Like in other studies [35, 36], the subjects' educational level in our study was positively correlated with the MoCA scores. The MoCA might be biased and people with a higher education would perform better. This may result from a lower cognitive reserve in less educated people and a lessened ability to recruit a neural network to compensate for age-related cognitive changes [33]. Although in some studies the level of education has been positively associated with the total MoCA score, that may be related to the cognitive reserve in more educated persons. To minimize the effect of educational levels on the MoCA score, we used education as a confounding factor in ANCOVA (Table 3). Interestingly, excluding the educational background in the ANCOVA, the mean scores on the MoCA for MCI and AD patients were still significantly different from those of the normal elderly group, which may indicate that the differences between MoCA scores in the MCI patients and controls are not a result of the educational background. Nevertheless, the educational level does not necessarily represent premorbid intellectual functioning, and professional status as an opportunity for many people from past generations to obtain a higher education might have been constrained by psychosocial factors such as family income [37].

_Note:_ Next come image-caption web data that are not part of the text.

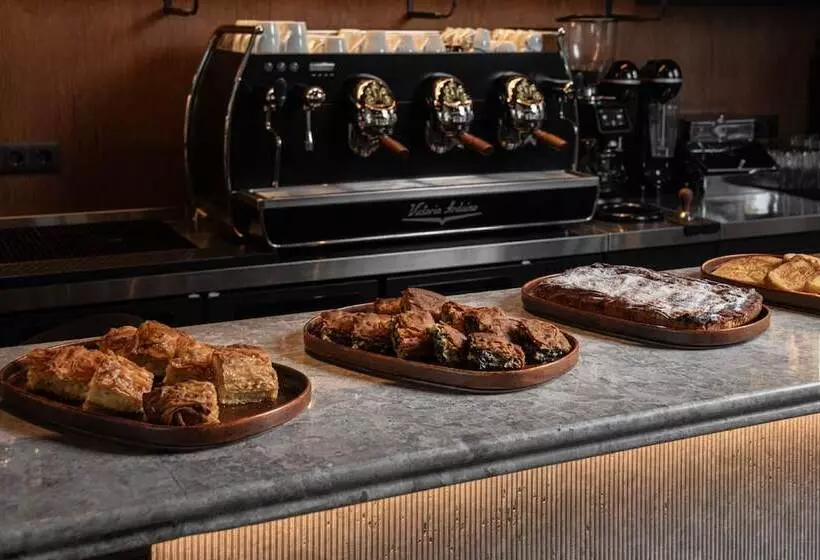 Hotelli Unedo All Seasons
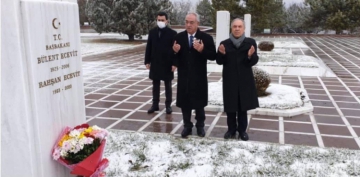 DSP Genel Başkanı Önder Aksakal, Rahşan Ecevit’i Mezarı Başında Andı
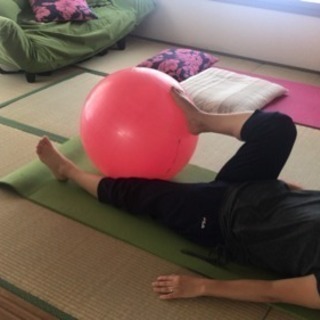 姿勢矯正 体力筋力作りのためのヨガの画像
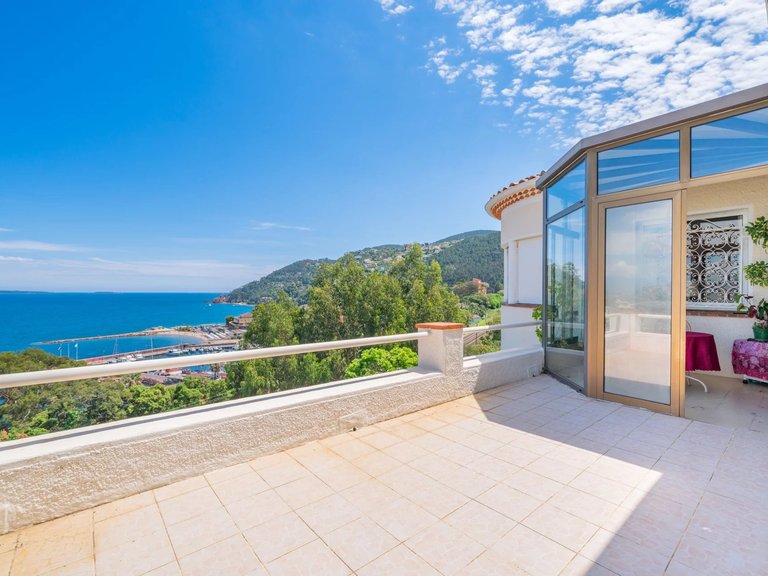 Villa for Sale in Theoule Sur Mer, Cannes Area 3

Overall, this study is the first to suggest the use of the Persian MoCA for early detection of MCI. Since the MoCA assesses executive function, which is disrupted early in the development of dementia, we strongly suggest the use of the MoCA as a promising test for early detection of MCI, especially combined with other executive function tests.

Statement of Ethics

This study was approved by the Ethics Committee of the University of Social Welfare and Rehabilitation Sciences of Tehran, Iran (ref. No. IR.USWR.REC.1395.250). Written and informed consent was provided by the participants before the examination.

Disclosure Statement

The authors declare no potential conflict of interests.

Funding Sources

No funding was received for this research.

Author Contributions

V.R.: preparation and writing of this manuscript, M.F.: project design. N.C.: writing of this paper, collection of data, and project design.